Sermons

Summary: The editor-in-chief of Bible Study magazine addresses hypocrisy in the Church and explains how to limit hypocrisy in your life.

Once I realized this, God gave me the vision for a ministry. A vision for an honest group of people dealing with hard issues together, through loving and caring for one another, and truly seeking God’s will. Have we always been perfect? No. Have I always been the perfect leader? By all means, no. But, we have all done our best to extend grace to one another, and to let God lead, not people.

The problem with the church is and will likely continue to be people who do not know how to respond to God. It is everyone’s duty to learn how to respond to God, and only in this way can we be the church God meant for us to be.

God is well aware of the problems that exist within humanity. In fact, He is the first to call into question those who claim to believe something, but yet live a life that does not demonstrate their belief. Throughout the Scriptures, God regularly makes people aware that they are living lives contrary to what He has taught them. One of God’s biggest problems with people is that they often seek Him through ritualistic acts, instead of living a life based upon helping those who are poor, sick, widowed or orphaned. The prophet Micah makes this very clear when he says:

With what shall I come before the Lord, and bow myself before God on high? Shall I come before him with burnt offerings, with calves a year old? Will the Lord be pleased with thousands of rams, with ten thousands of rivers of oil? Shall I give my firstborn for my transgression, the fruit of my body for the sin of my soul?" He has told you, O man, what is good; and what does the Lord require of you but to do justice, and to love kindness, and to walk humbly with your God? (Micah 6:6-8 ESV)

It seems that in the first part of the quote Micah is quoting the stereotypical response people have to God. But, what is so interesting about this stereotypical response is that it has been the response of people for many generations.
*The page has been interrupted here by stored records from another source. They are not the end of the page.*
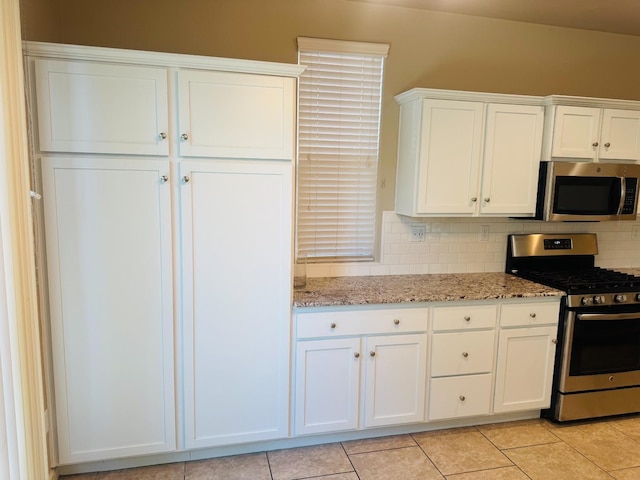 3673 Artistry Way, Clovis, CA 93619 - kitchen with appliances with stainless steel finishes, white cabinets, light stone countertops, and light tile patterned floors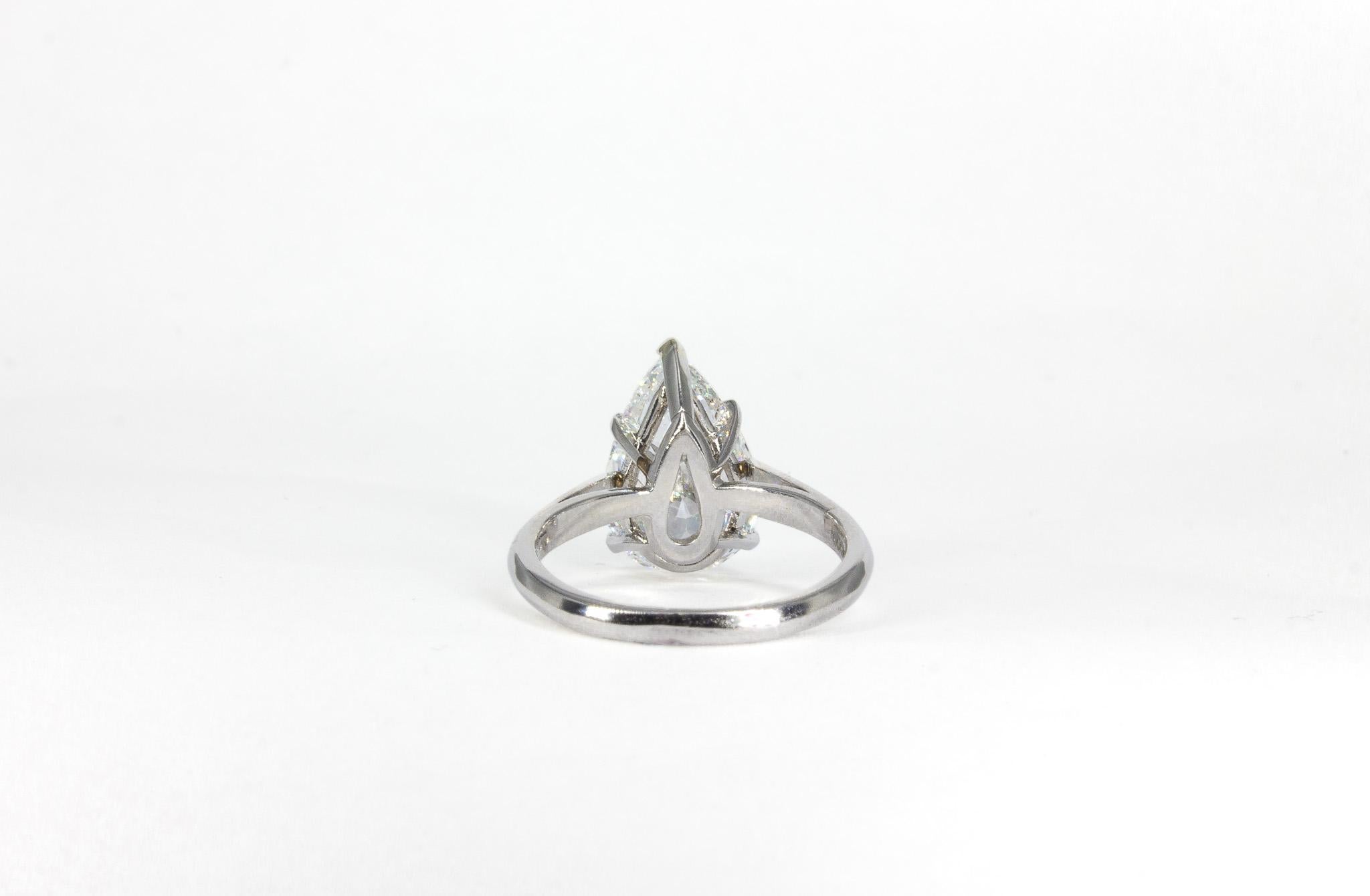 Timeless and elegant, this GIA Certified 4.41 Carat Pear Shape Diamond Solitaire Ring is a stunning statement of refined beauty. The centerpiece of this exquisite ring is a breathtaking 4.41 carat pear-shaped diamond, GIA certified with G color and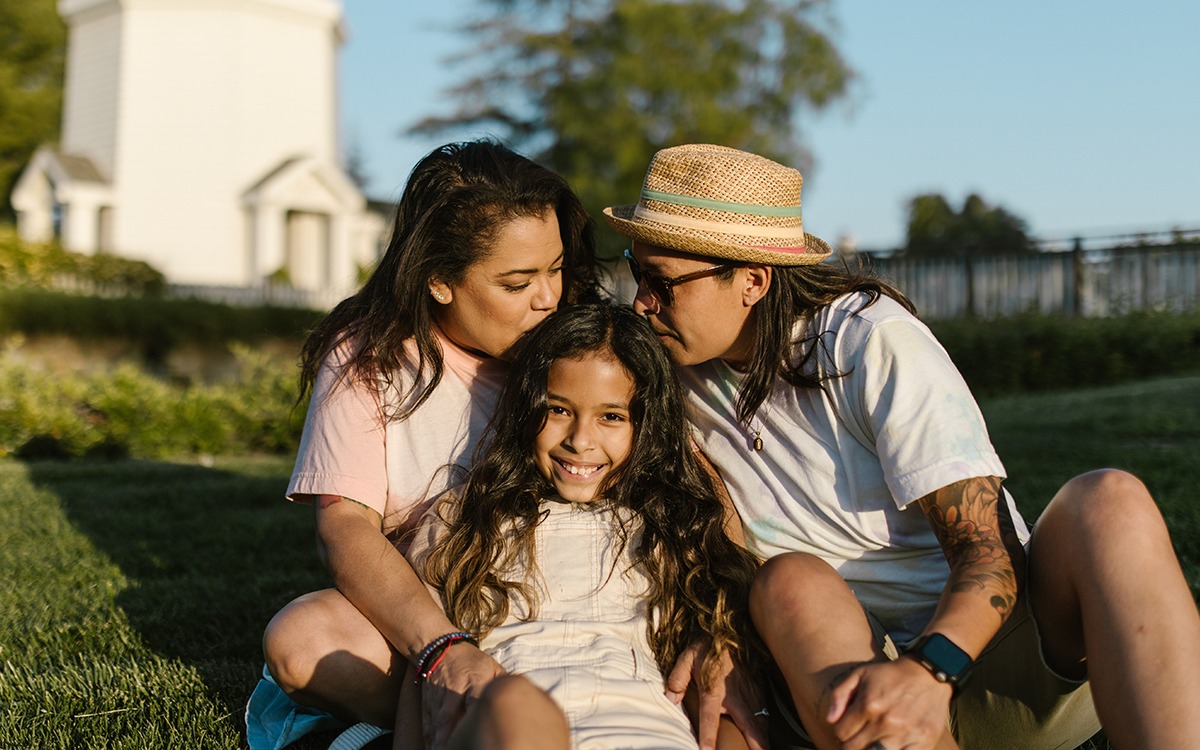 A Native American couple sitting on the grass with their daughter sitting between them. They are both kissing the child’s forehead.
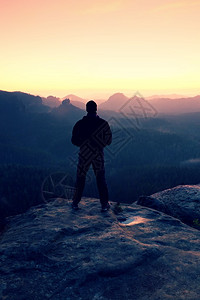在悬崖上高的黑人看着日出登山以自信作姿势做休眠图片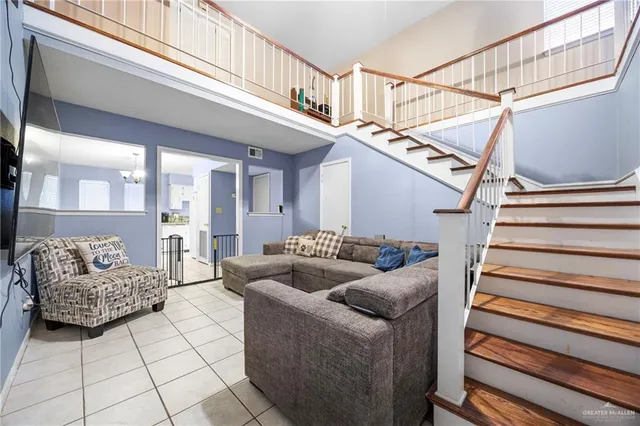 a living room with furniture and a rug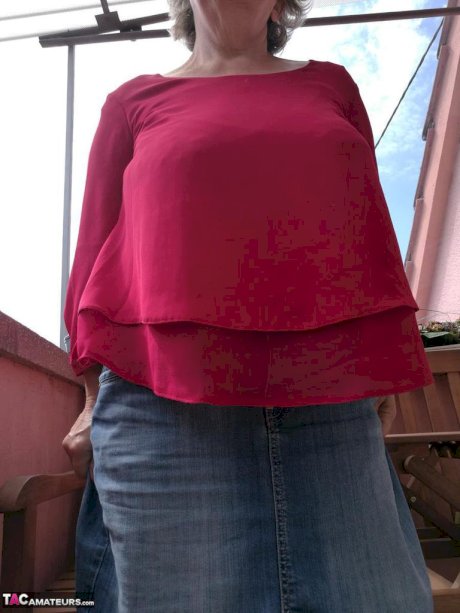 Horny oma spreads her upskirt pussy after pulling down her hose on patio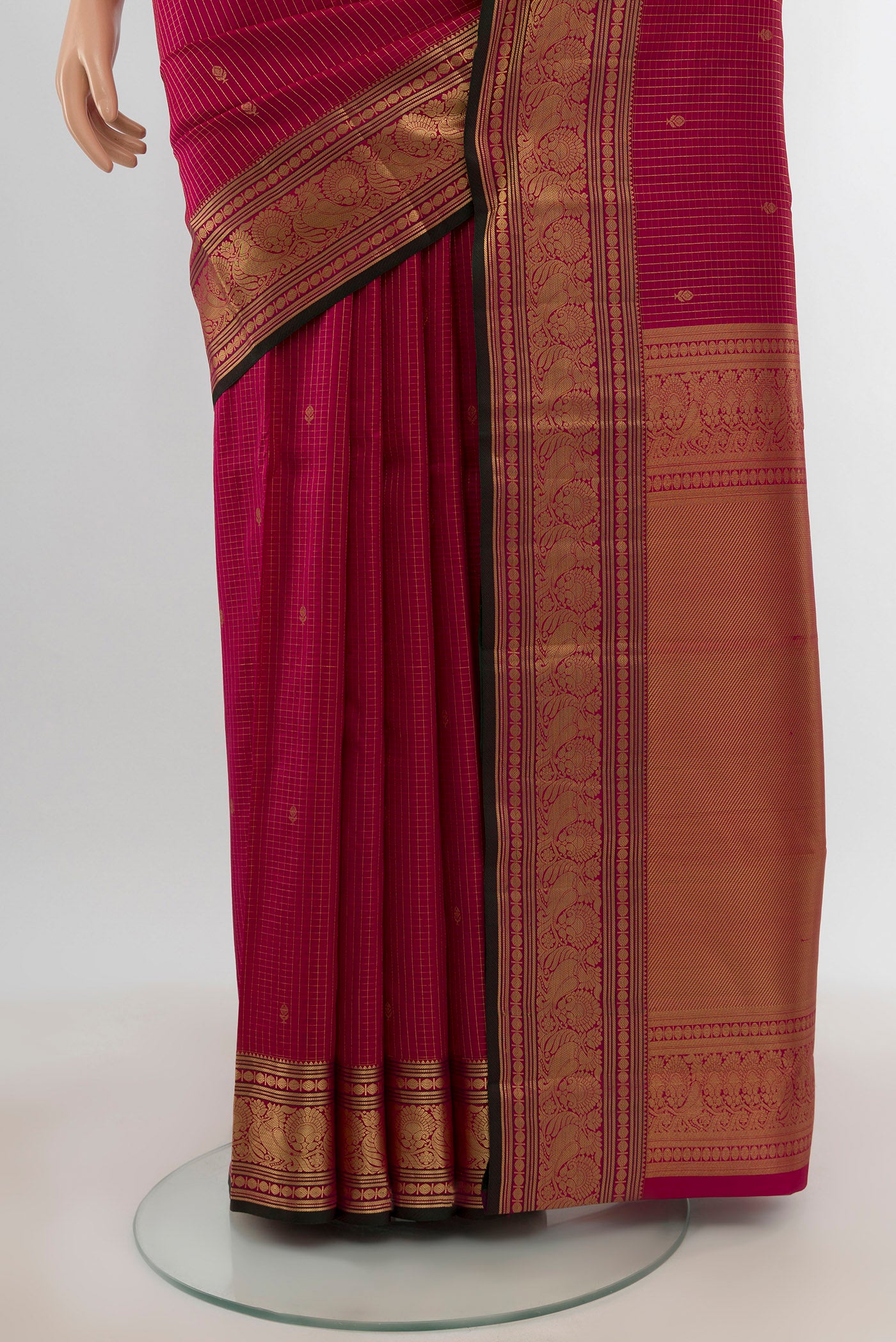 Pleats and pallu of Dark Pink Kanchipuram Silk Saree with Zari Butta on the body and Zari Border. 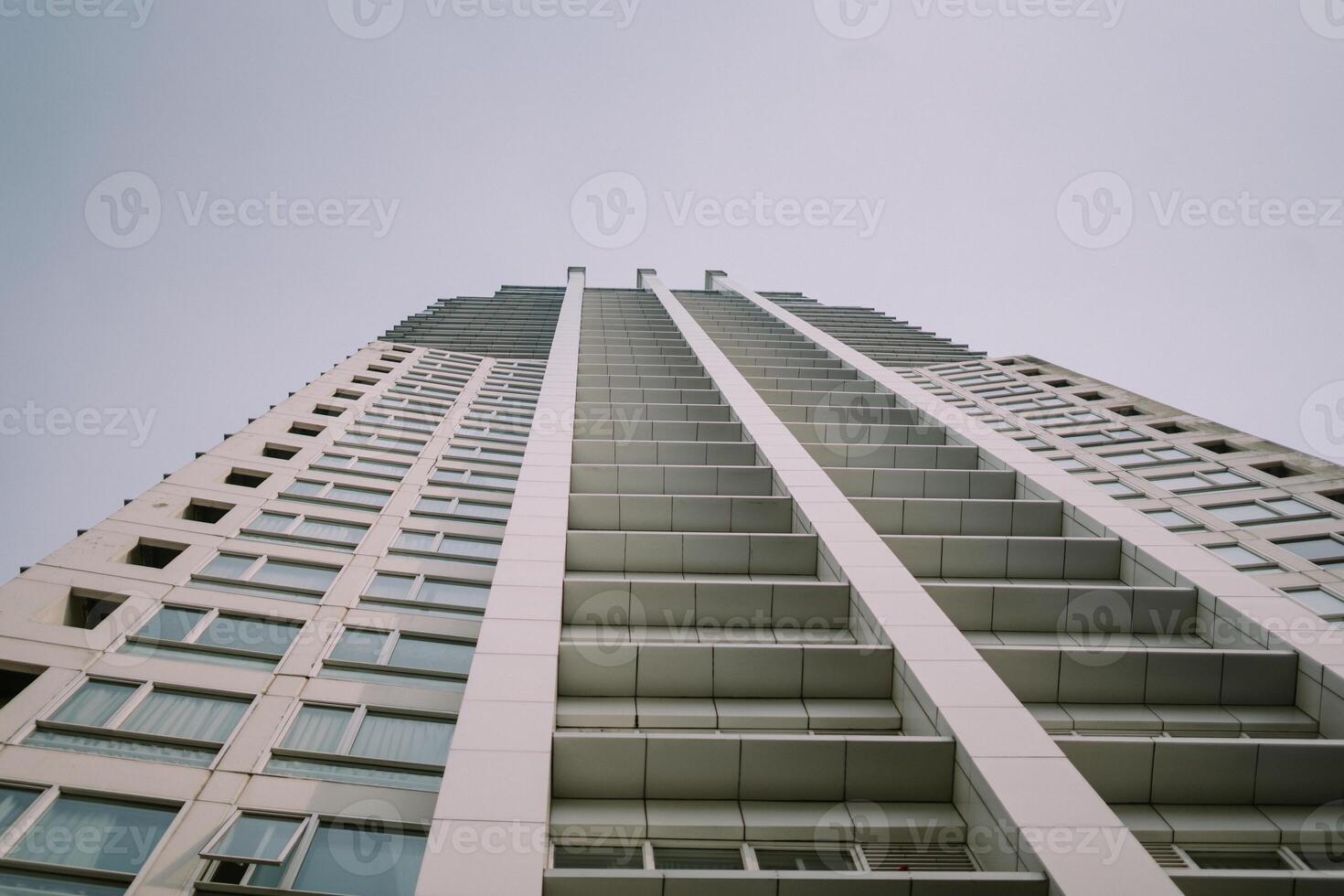 A tall hotel building standing majestically against the skyline photo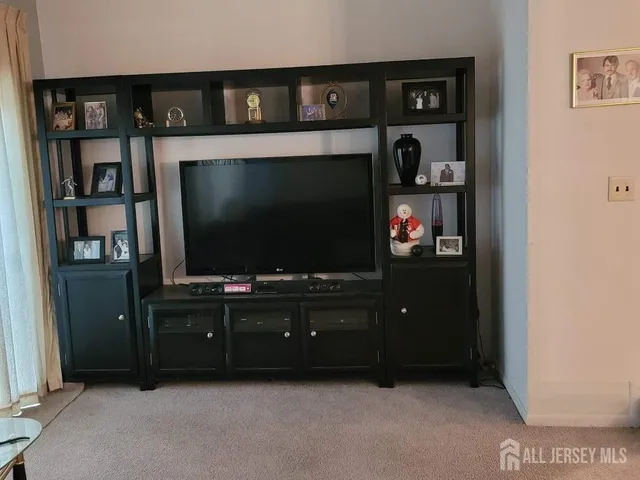 a living room with flat screen tv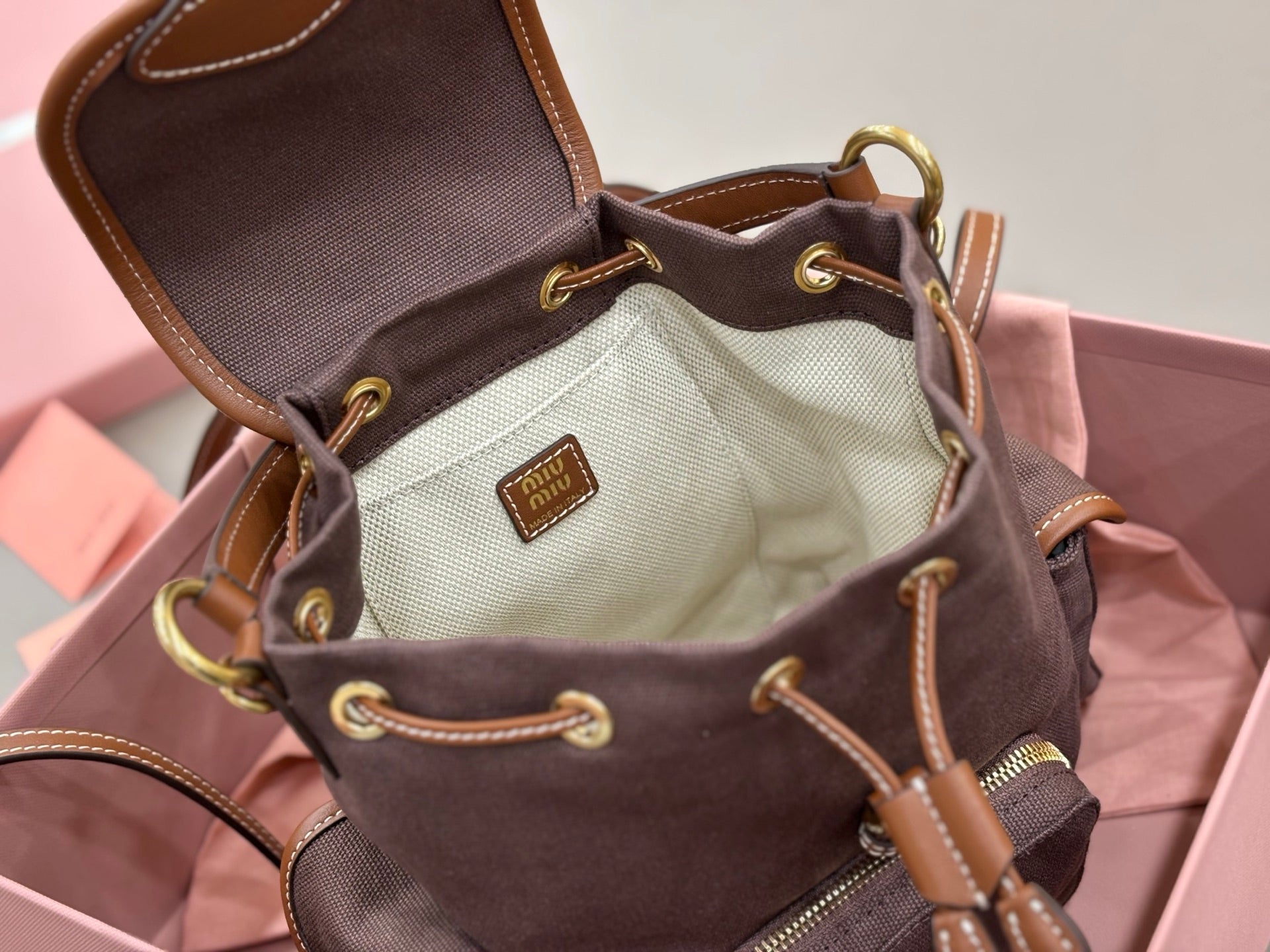 MiuMiu dark gray mini bag open top with cream interior lining and leather drawcords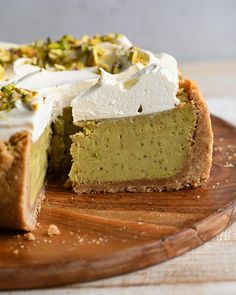 a piece of cake with white frosting and pistachio topping on a cutting board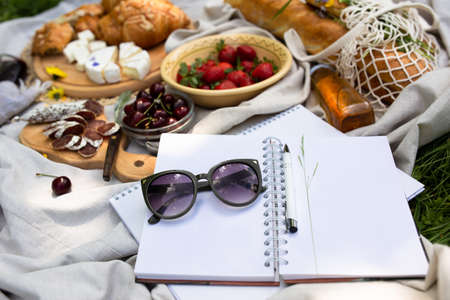 Empty open notepad. Summer paper mockup on the background of bright picnicの写真素材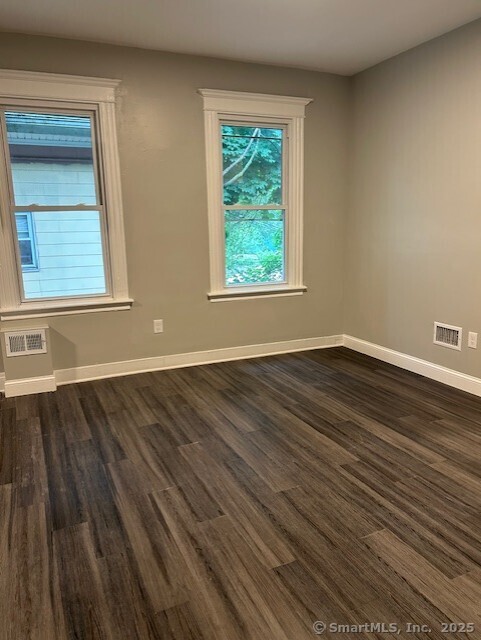 514 Winthrop Avenue New Haven, CT 06511 - Photo 3 of 17 a view of an empty room with wooden floor and a window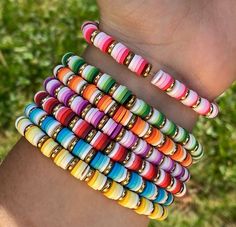 a woman's arm with several different colored bracelets on her wrist and one is holding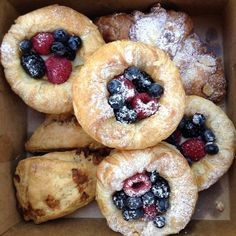 a box filled with pastries covered in berries and powdered sugar on top of each other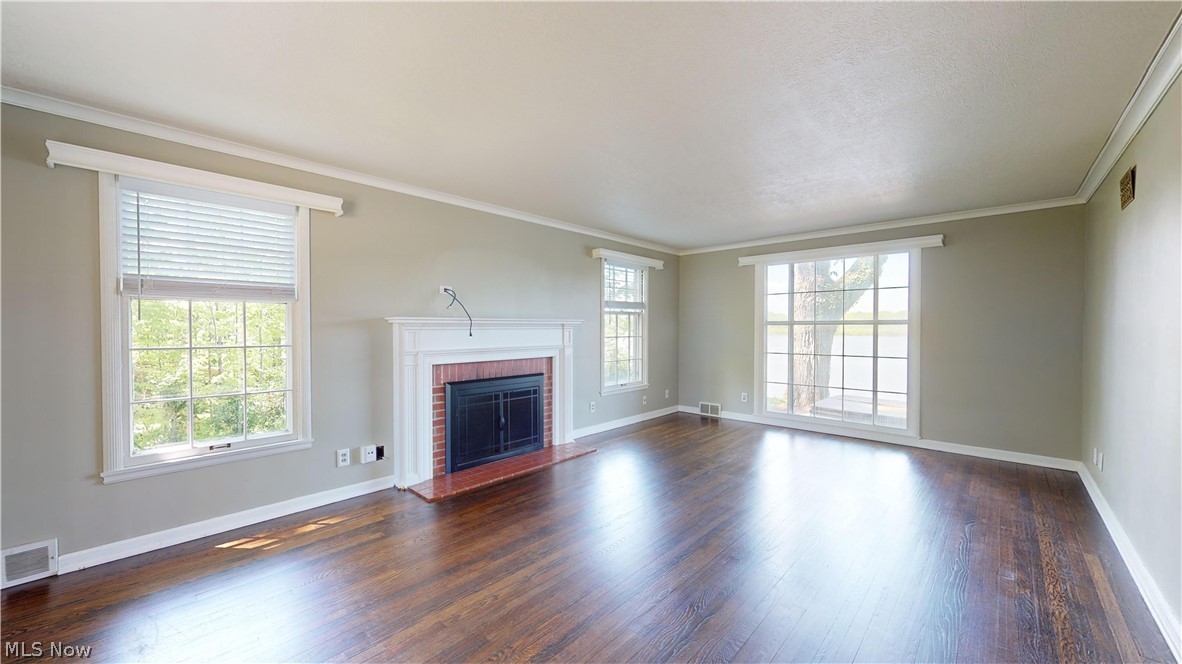 7421 Diagonal Road Kent, OH 44240 - Photo 11 of 48 Unfurnished living room with ornamental molding, a fireplace, floor to ceiling window provides a wealth of natural light, and dark wood-type flooring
Martin Luther, in 1517, started a complete reformation of the Christian faith partly because he was opposed to approaching God through religious rituals. The Church of the time was telling people that they must give money to the Church in order to be forgiven their wrongdoings. Luther knew this was wrong (in fact he based his thinking on passages like Micah 6:6-8). He attempted to correct the Church by writing a very famous document called the 95 Theses, which he sent to the Pope. However, the Pope responded by calling Luther’s entire ministry into question. As a result, Luther was asked to leave the Catholic Church and he began to form a new kind of Christianity based upon grace. Although, it really was not new at all, it was exactly what St. Paul had taught during the first century A.D.

Luther and St. Paul believed that people were not forgiven their wrongdoings by making payment of some sort, but instead were forgiven their wrongdoings by the grace of God. God does not have to forgive us, He chooses to when we accept Jesus, His message, and the salvation He brought through dying on the cross and being resurrected again three days later. No worldly payment could ever suffice to pay for our wrongdoings towards God and people, but Jesus’ death on the cross will always be sufficient. Many of the people of Luther’s day did not believe this, nor of Paul’s, nor of ours. But, I stand before you today as a man who has received this grace and I know that it truly is sufficient. I have no place before God without it. I am no one without it. And that man who wronged me; he has received grace too, and because of that he is forgiven as well. And because I have received grace, I have forgiven him too.